• [The task]: Reproduce only this stretch of the listing below: from the line with "crying bear cartoon character" through the line with "Kadın Bisiklet Yakalı", exactly as written, with pictures excluded.

• [Information given]:
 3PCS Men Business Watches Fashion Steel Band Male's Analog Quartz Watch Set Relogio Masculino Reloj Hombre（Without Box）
--
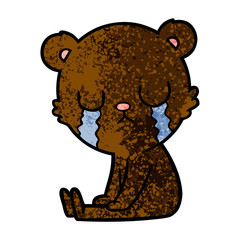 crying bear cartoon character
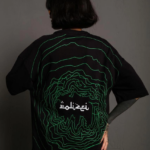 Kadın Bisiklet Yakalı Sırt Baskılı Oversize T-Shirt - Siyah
* * *
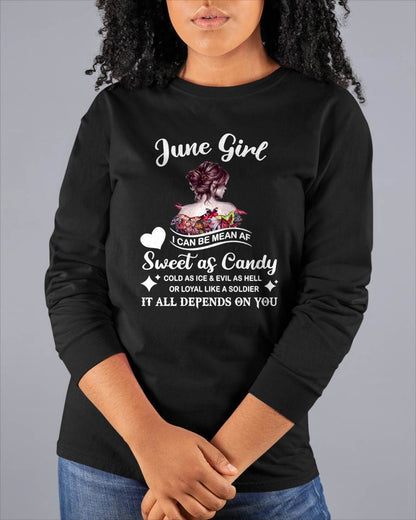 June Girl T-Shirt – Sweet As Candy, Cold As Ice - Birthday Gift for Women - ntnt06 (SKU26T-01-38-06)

• [Answer for the task]:
 crying bear cartoon character
 Kadın Bisiklet Yakalı Sırt Baskılı Oversize T-Shirt - Siyah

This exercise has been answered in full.